In the material below, begin at the line that has "Photo of Tall", stop after the line that has "Station 2 Primates", and transcribe those lines exactly, without pictures.

• PROVIDED ENTRIES
◆ ◆ ◆

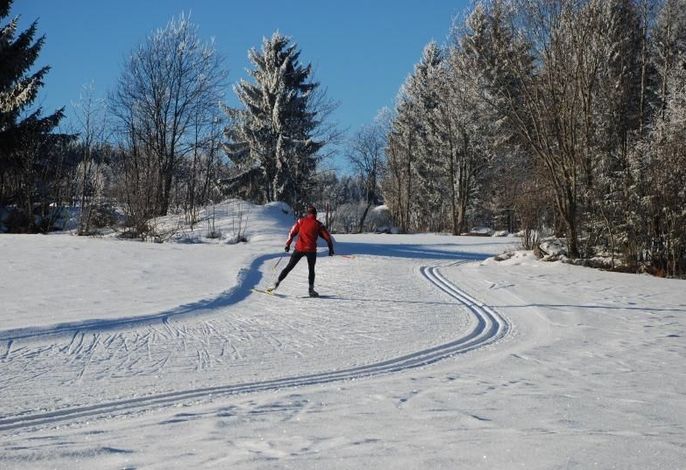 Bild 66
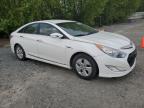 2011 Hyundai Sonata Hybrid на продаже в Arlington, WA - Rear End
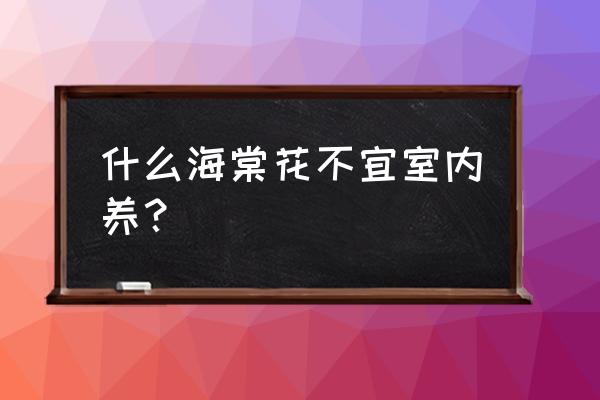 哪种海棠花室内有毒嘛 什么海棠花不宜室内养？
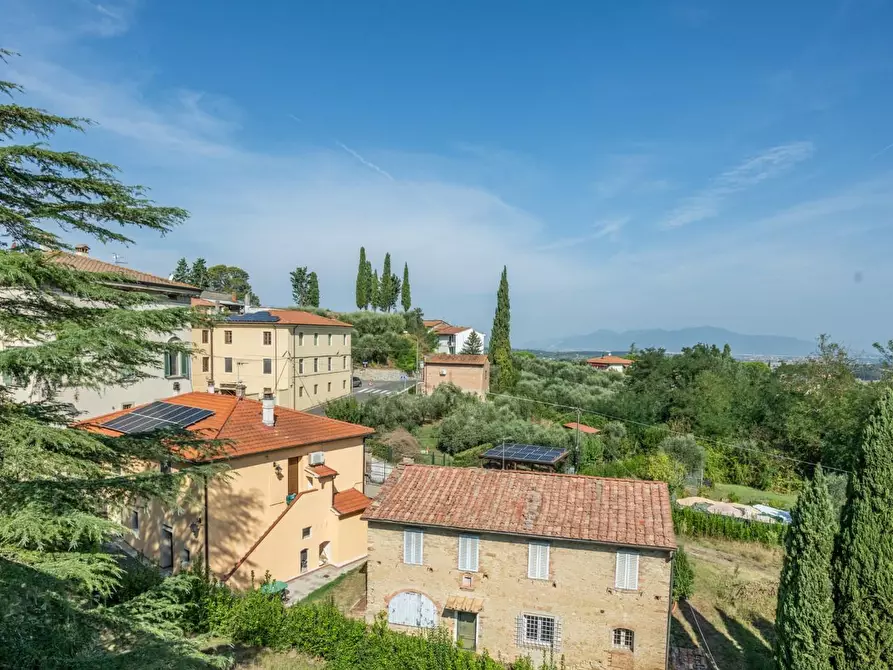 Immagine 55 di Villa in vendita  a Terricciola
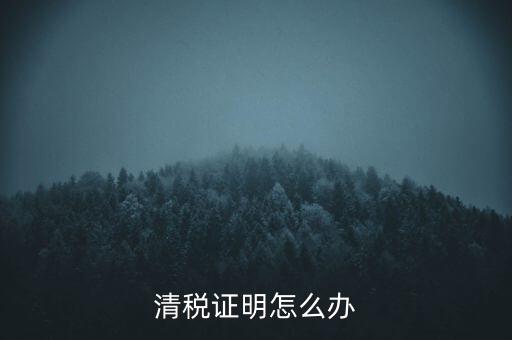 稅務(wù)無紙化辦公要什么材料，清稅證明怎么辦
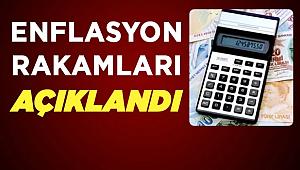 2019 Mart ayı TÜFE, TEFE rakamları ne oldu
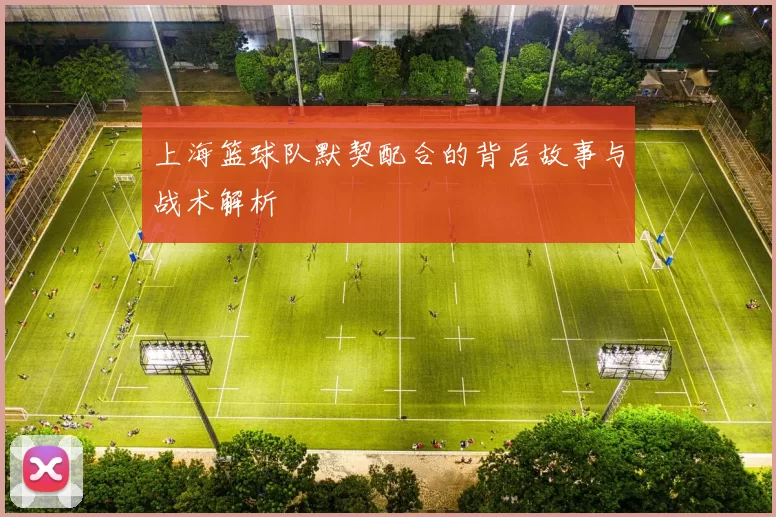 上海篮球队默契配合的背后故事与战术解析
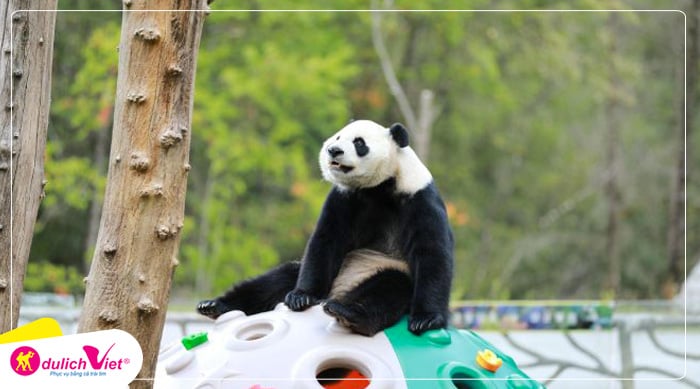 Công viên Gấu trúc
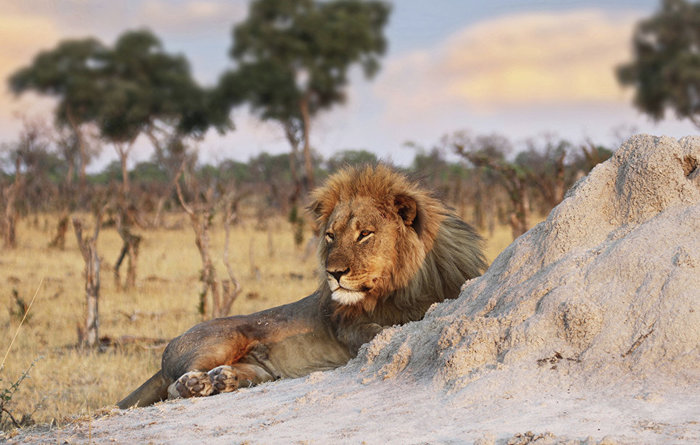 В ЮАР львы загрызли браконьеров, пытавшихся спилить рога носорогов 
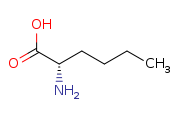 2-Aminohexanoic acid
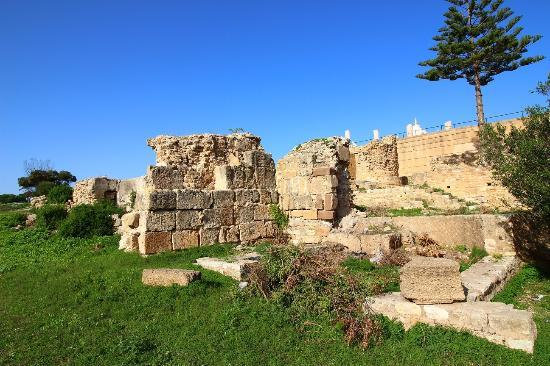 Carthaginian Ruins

◆ ◆ ◆

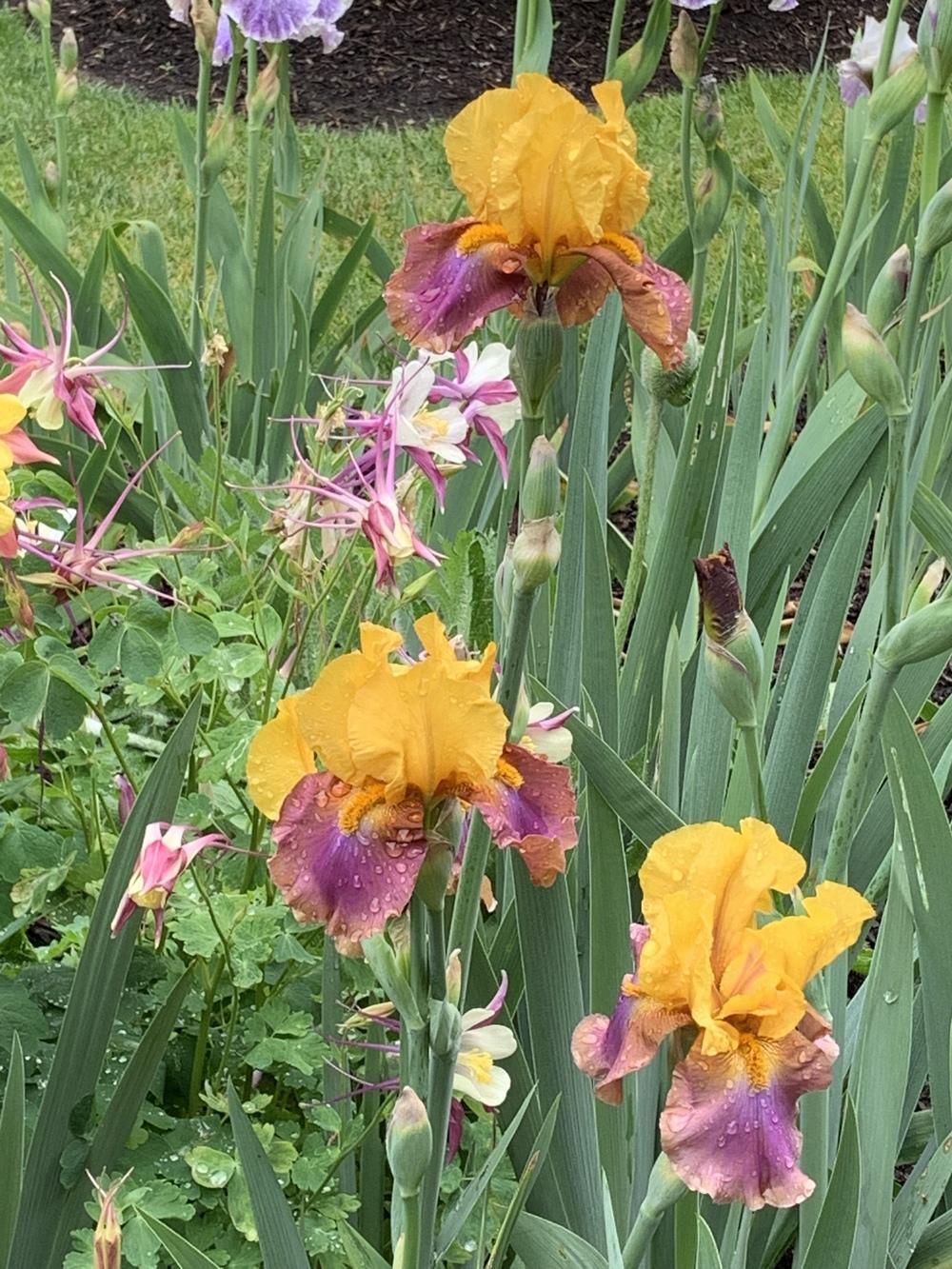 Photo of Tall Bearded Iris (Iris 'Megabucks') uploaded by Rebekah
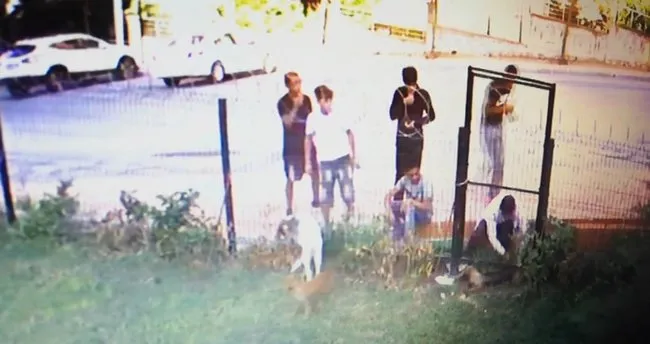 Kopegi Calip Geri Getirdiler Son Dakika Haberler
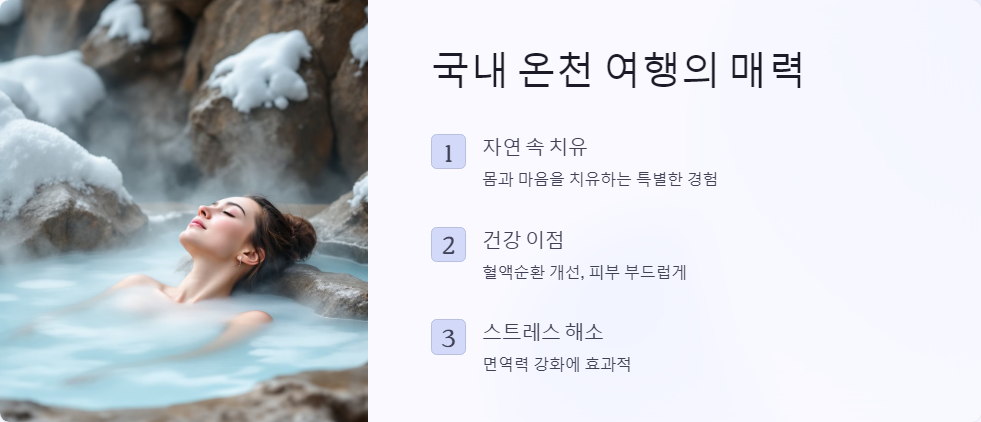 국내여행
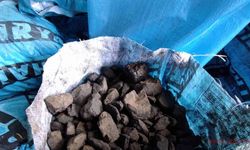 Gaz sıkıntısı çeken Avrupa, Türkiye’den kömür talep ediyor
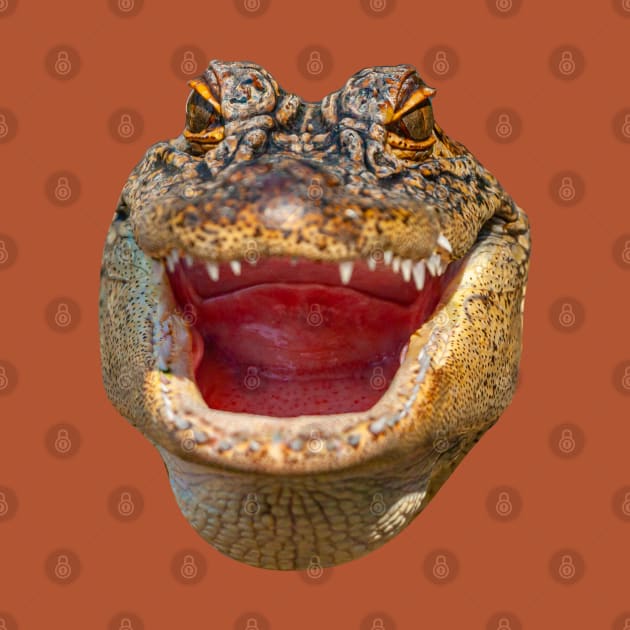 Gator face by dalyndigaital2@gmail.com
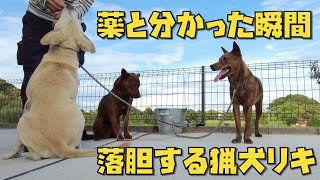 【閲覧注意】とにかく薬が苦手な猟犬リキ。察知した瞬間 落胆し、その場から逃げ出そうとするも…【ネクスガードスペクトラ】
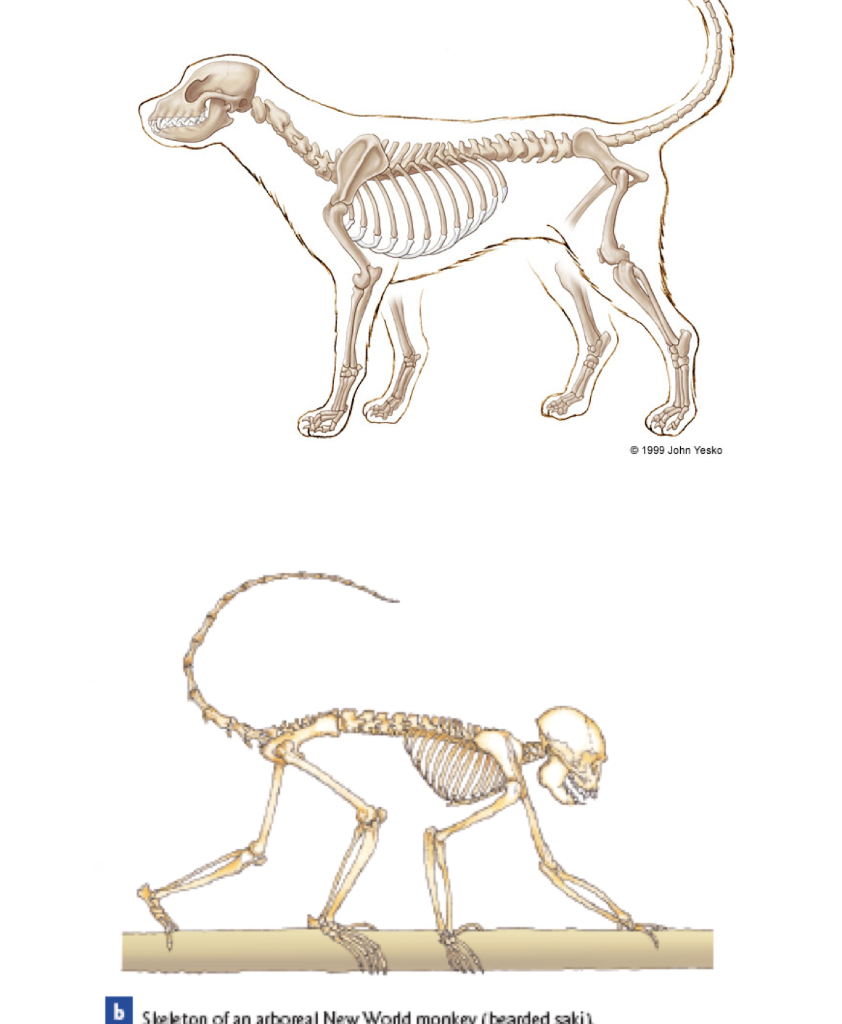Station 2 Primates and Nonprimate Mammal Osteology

◆ ◆ ◆

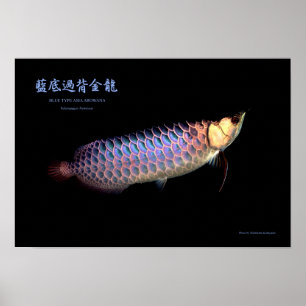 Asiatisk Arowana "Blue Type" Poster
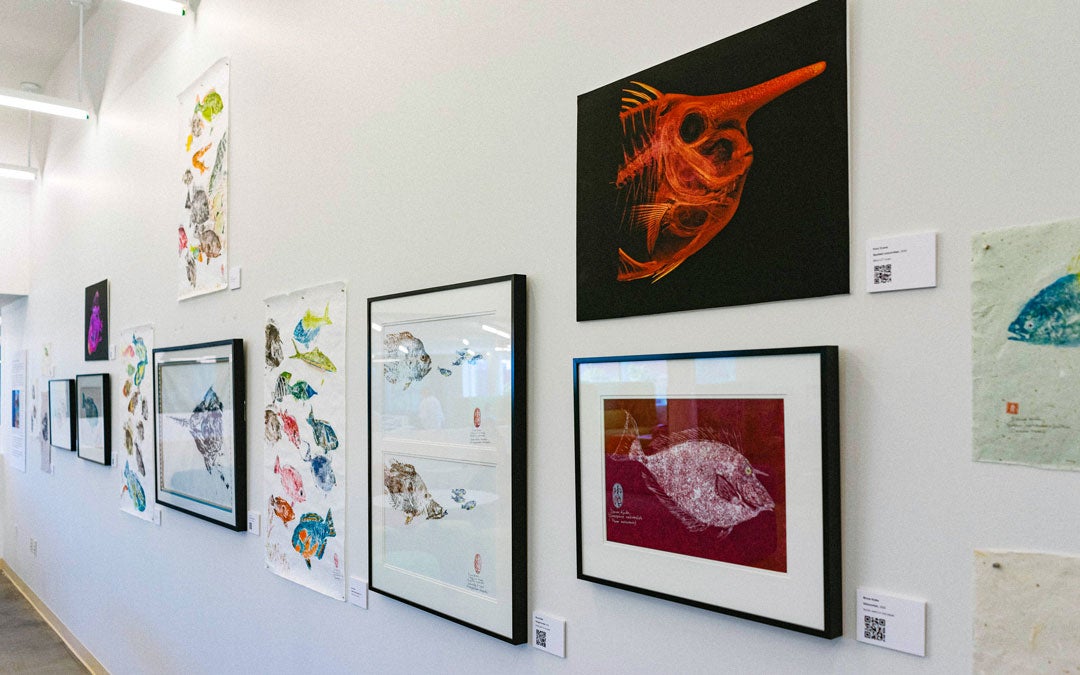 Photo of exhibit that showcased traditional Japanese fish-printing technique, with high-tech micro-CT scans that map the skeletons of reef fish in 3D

◆ ◆ ◆

• ANSWER FOR THE TASK
 Photo of Tall Bearded Iris (Iris 'Megabucks') uploaded by Rebekah
 Kopegi Calip Geri Getirdiler Son Dakika Haberler
 국내여행
 Gaz sıkıntısı çeken Avrupa, Türkiye’den kömür talep ediyor
 Gator face by dalyndigaital2@gmail.com
 【閲覧注意】とにかく薬が苦手な猟犬リキ。察知した瞬間 落胆し、その場から逃げ出そうとするも…【ネクスガードスペクトラ】
Station 2 Primates and Nonprimate Mammal Osteology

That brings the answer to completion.